When you look at your electricity bill or app, you’ll see the amount of electricity you’ve used is measured in kilowatt hours (kWh). Let’s explore what a kWh is so you’ve got a better understanding of how your energy usage is measured and priced.

### Article Contents

- kWH basics explained
- What is a kWh?
- What is the difference between a kW and a kWh?

- Calculating kWhs
- How to calculate a kWh of electricity?
- What can 1 kWh power?
- How much does 1 kWh of electricity cost?

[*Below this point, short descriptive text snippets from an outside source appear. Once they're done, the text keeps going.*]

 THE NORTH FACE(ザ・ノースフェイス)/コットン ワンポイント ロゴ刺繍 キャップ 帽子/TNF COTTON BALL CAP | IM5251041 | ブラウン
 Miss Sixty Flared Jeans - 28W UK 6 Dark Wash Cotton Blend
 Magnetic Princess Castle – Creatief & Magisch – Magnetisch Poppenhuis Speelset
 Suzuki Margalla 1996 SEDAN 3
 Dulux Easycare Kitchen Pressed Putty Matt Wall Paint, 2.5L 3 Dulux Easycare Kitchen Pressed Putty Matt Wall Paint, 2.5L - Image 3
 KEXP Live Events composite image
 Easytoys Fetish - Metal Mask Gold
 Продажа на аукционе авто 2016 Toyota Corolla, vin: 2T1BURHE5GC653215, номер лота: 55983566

- kWh & electricity usage at home
- What is the average household usage in NI?
- How many kWh do household appliances use?
- How many kWh do electric vehicles use?

- How to save kWh of electricity
- Monitor Usage
- Update Appliances
- Energy Saving Tips
- Compare Tariffs

- FAQs

### KWH basics explained

**What is a kWh?**

A kilowatt hour (kWh) is a measure used to calculate how much electricity you’re using. It helps to compare the amount of electricity different appliances use. One kilowatt hour is the amount of energy you need to run a 1,000-watt (1 kW) appliance for one hour.

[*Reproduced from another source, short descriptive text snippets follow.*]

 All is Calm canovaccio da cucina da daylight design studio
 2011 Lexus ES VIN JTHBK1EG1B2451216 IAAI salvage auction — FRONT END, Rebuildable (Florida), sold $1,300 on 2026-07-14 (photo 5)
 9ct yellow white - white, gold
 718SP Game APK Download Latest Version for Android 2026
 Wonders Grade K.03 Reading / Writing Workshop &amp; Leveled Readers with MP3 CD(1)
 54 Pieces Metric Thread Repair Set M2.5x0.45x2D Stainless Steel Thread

- Having a 100-watt light bulb on for 10 hours uses 1 kWh
- Using a 2 kW dishwasher for 30 minutes uses 1 kWh
- Running a 10 kW shower for 6 minutes uses 1 kWh

**What is the difference between a kW and a kWh?**

A kilowatt (kW) measures power. Every appliance has an energy rating based on how much power it needs to run for an hour. A kilowatt hour (kWh) measures energy. It shows how much energy an appliance will consume when in use for any given period of time.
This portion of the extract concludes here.